-- Opening Marker --

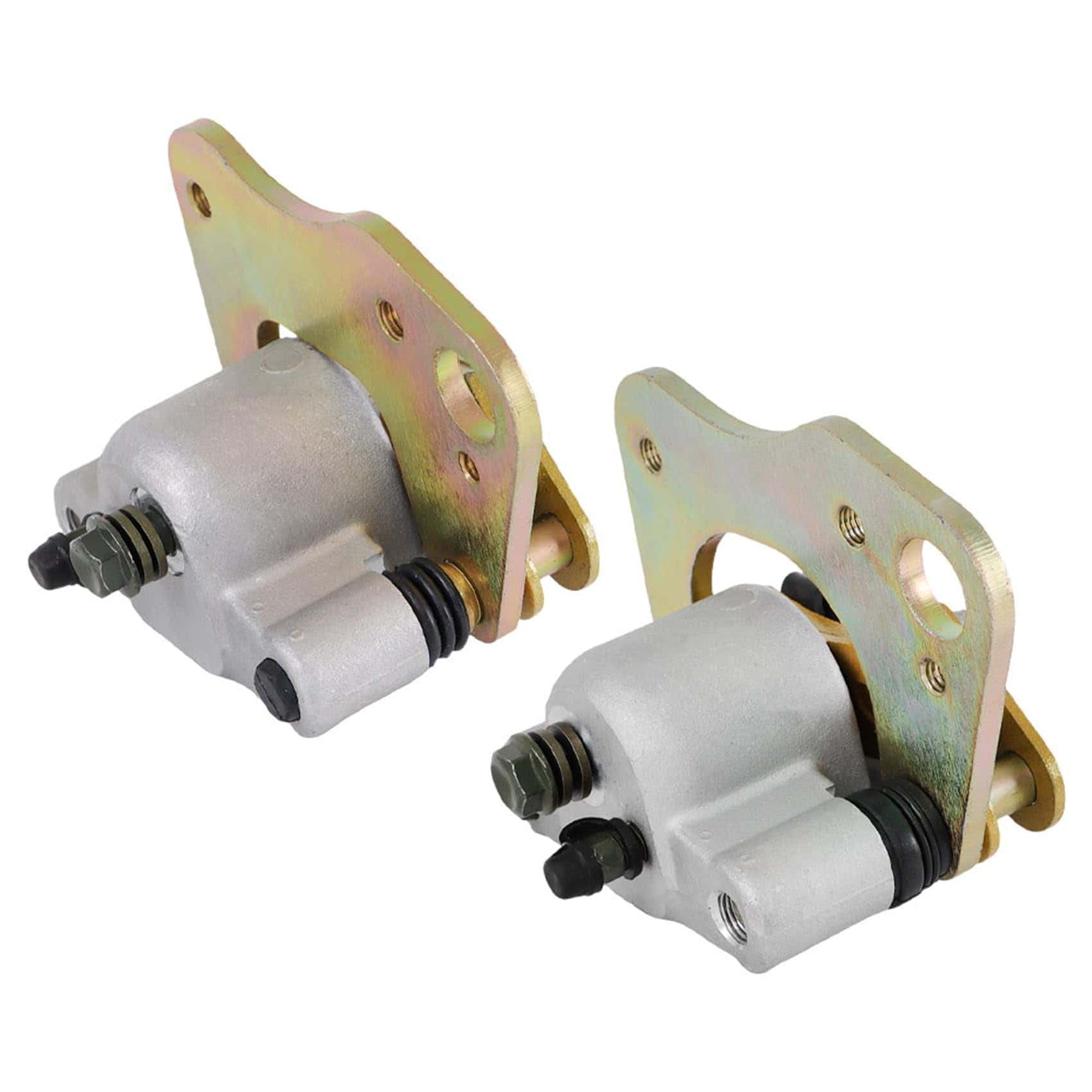 Juego de Pinzas de Freno Delanteras con Pastillas de - Imagen 4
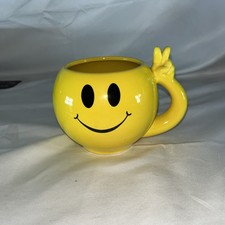 Vintage Yellow Smiley Face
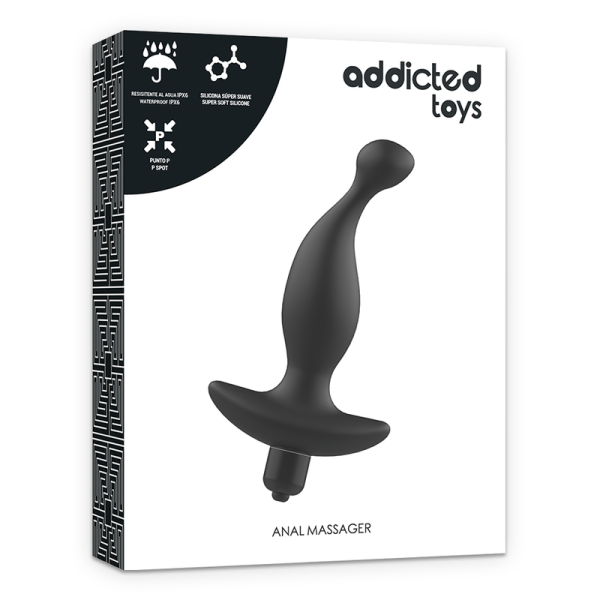 MASSAJADOR ANAL ADDICTED TOYS #4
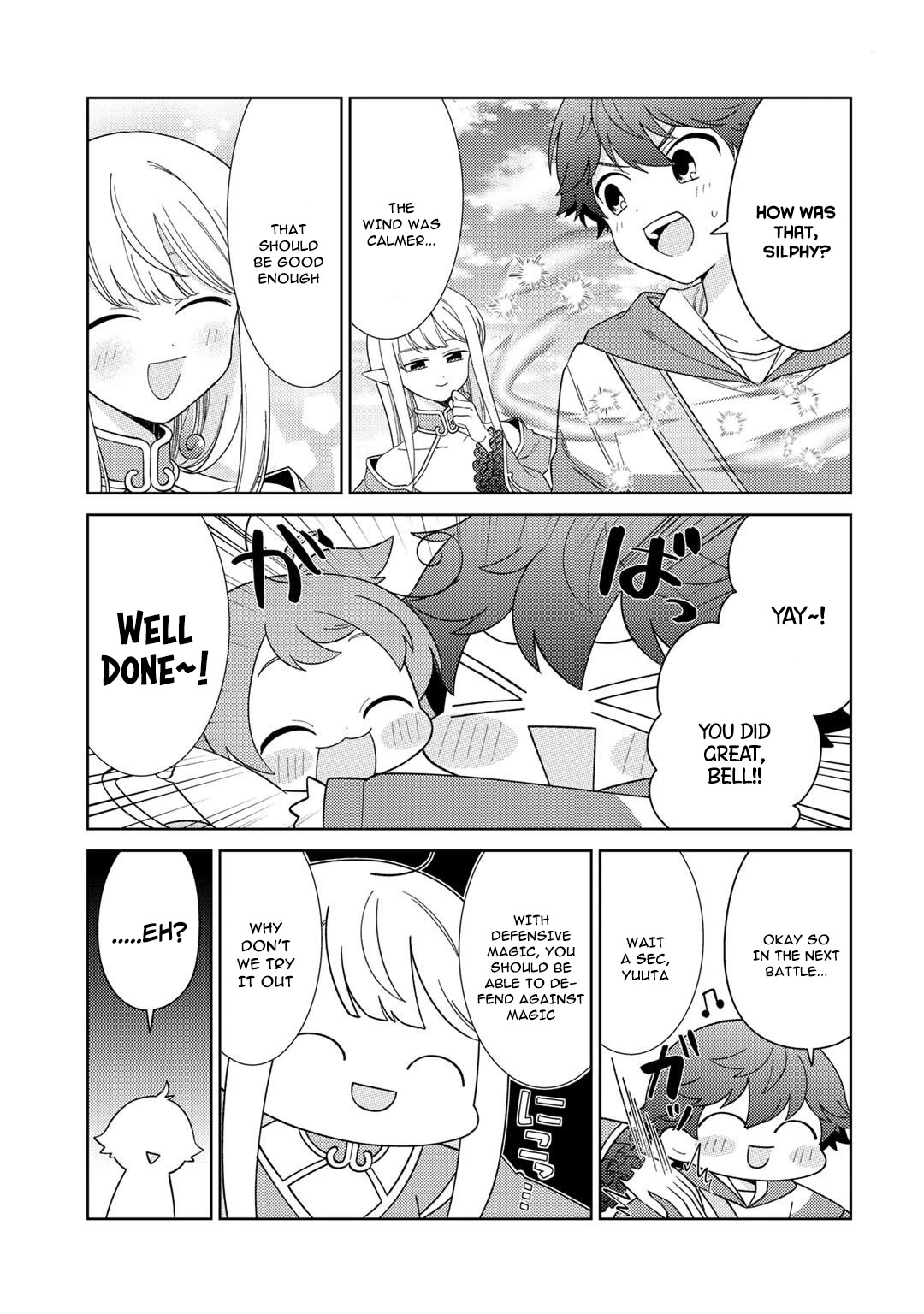 Seirei-tachi no Rakuen to Risou no Isekai Seikatsu Chapter 27 page 14 - 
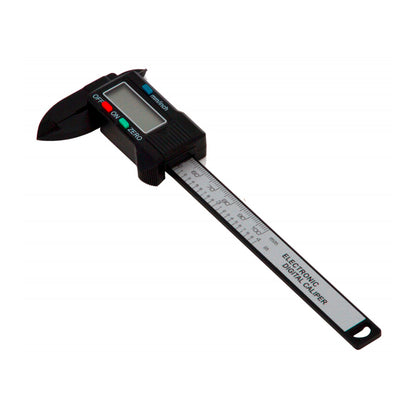 Carbon Fibre Composite 100mm Digital Caliper/Vernier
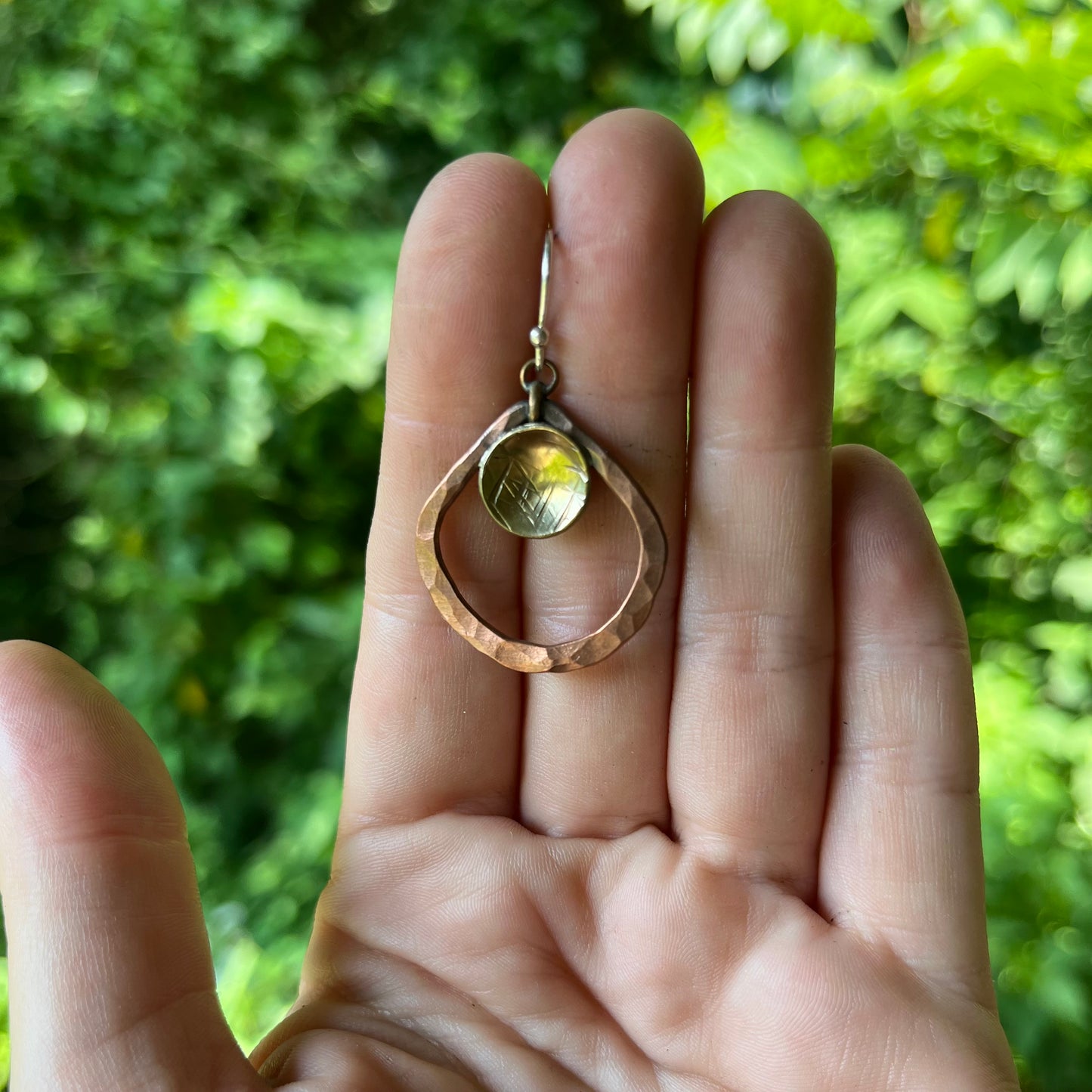 Sunrise Drop Earring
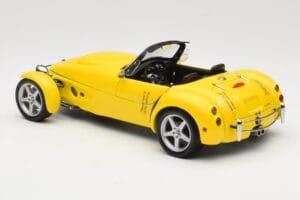 Panoz AIV Roadster Gelb AUTOart 1:18 78213 Druckguss — Bild 7 von 8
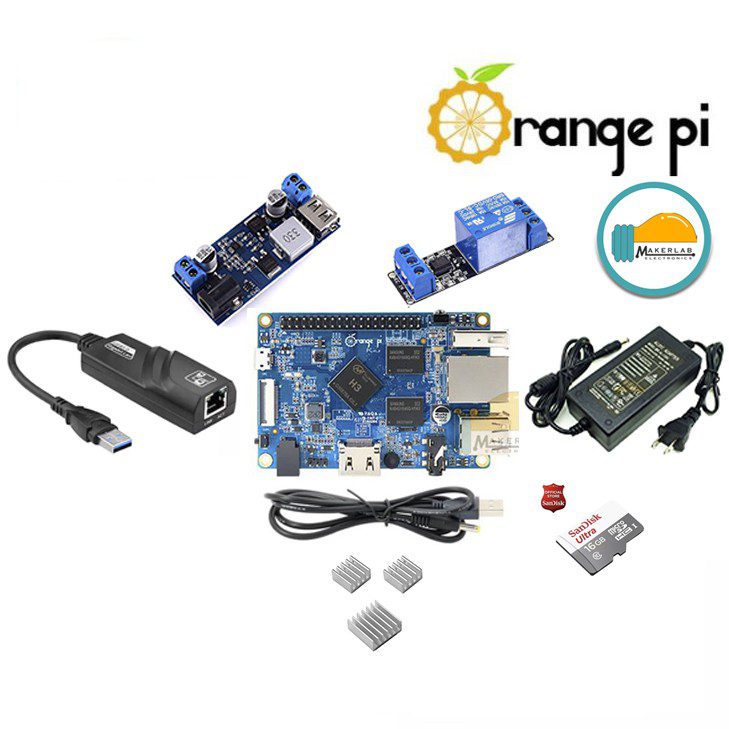 Orange Pi One 1GB Kit || Orange Pi PC Kit for Pisowifi Piso Wifi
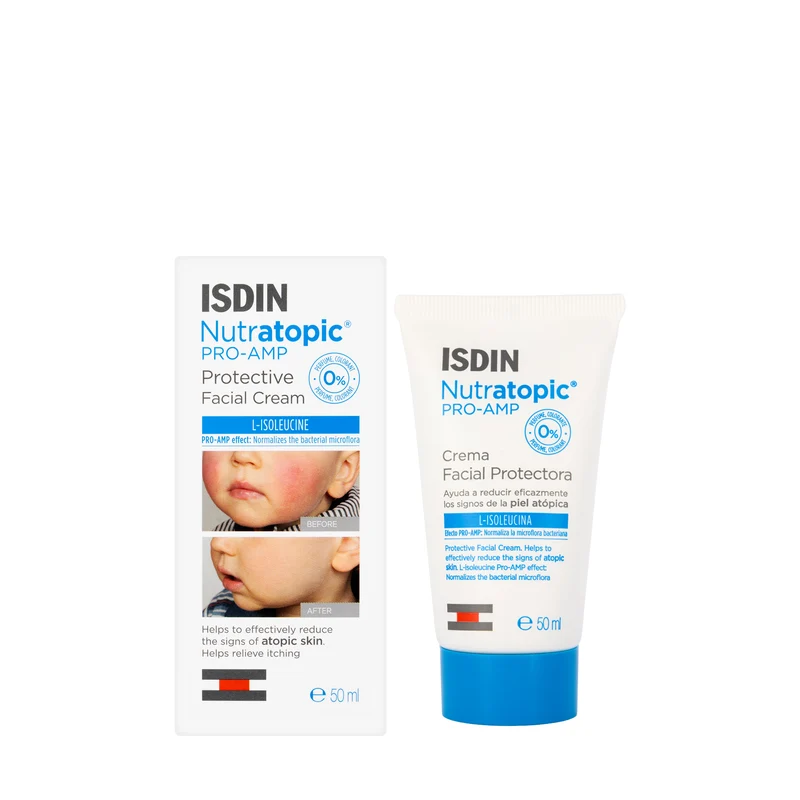 Isdin Nutratopic Pro-Amp Facial Cream 50 Ml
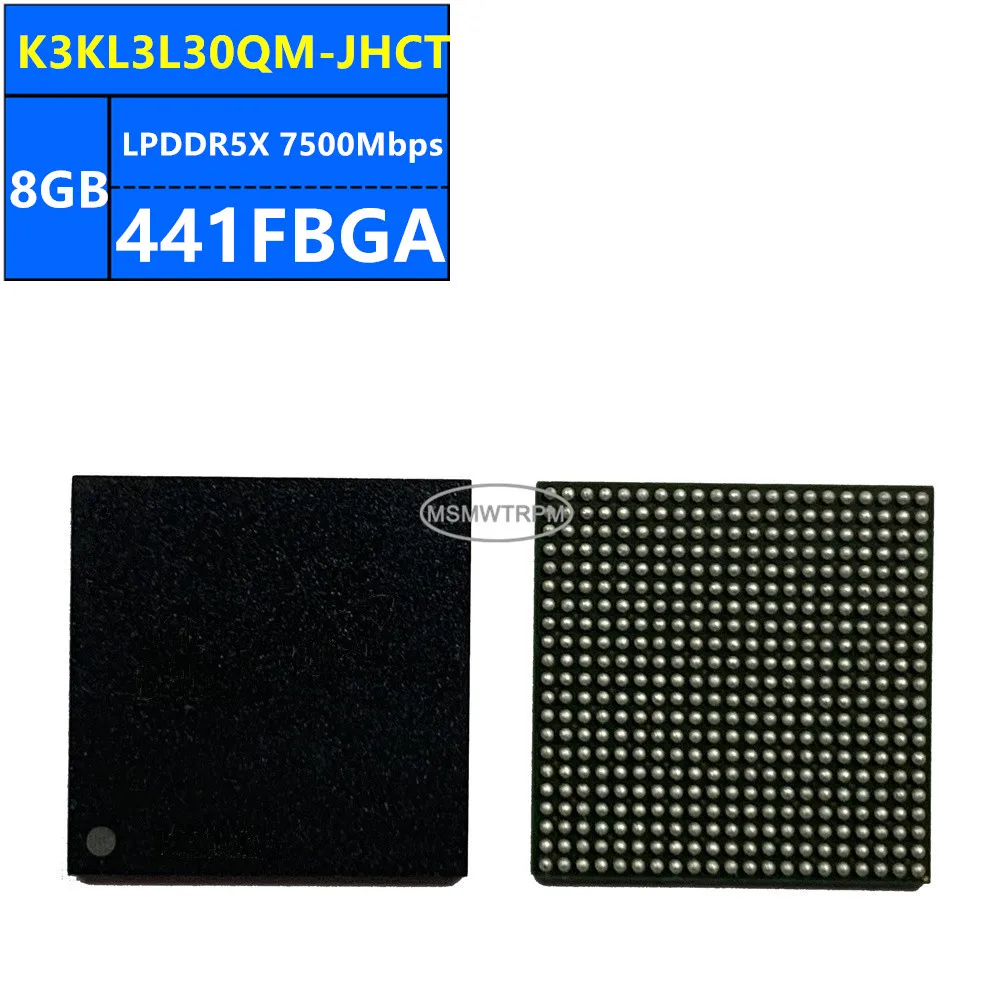 K3KL3L30QM-JHCT K3KL3L30QM-JGCT K3KL3L30CM-JGCT LPDDR5X 8 ГБ 7500 Мбит/с 441FBGA 64 ГБ чип памяти IC Интегральные схемы Совершенно новые O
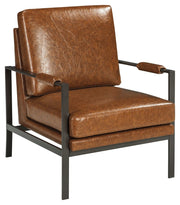 Peacemaker - Brown - Accent Chair - JaxCo Furniture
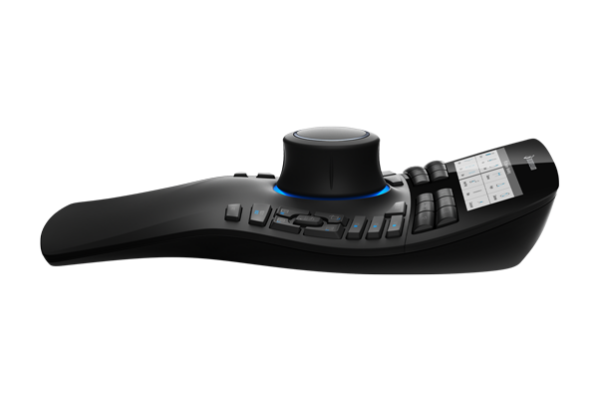 SpaceMouse Enterprise - Fast and Efficient 3D Modeling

-- Closing Marker --

* [GOAL OF THE EXERCISE]: Restrict the output to the lines from the one with "Sunrise Drop Earring" through the last line of the material above. Print them exactly, leaving out every picture.

* [SOLUTION FOR THIS EXERCISE]:
 Sunrise Drop Earring
 Panoz AIV Roadster Gelb AUTOart 1:18 78213 Druckguss — Bild 7 von 8
 Orange Pi One 1GB Kit || Orange Pi PC Kit for Pisowifi Piso Wifi
 Isdin Nutratopic Pro-Amp Facial Cream 50 Ml
 K3KL3L30QM-JHCT K3KL3L30QM-JGCT K3KL3L30CM-JGCT LPDDR5X 8 ГБ 7500 Мбит/с 441FBGA 64 ГБ чип памяти IC Интегральные схемы Совершенно новые O
 Peacemaker - Brown - Accent Chair - JaxCo Furniture
 SpaceMouse Enterprise - Fast and Efficient 3D Modeling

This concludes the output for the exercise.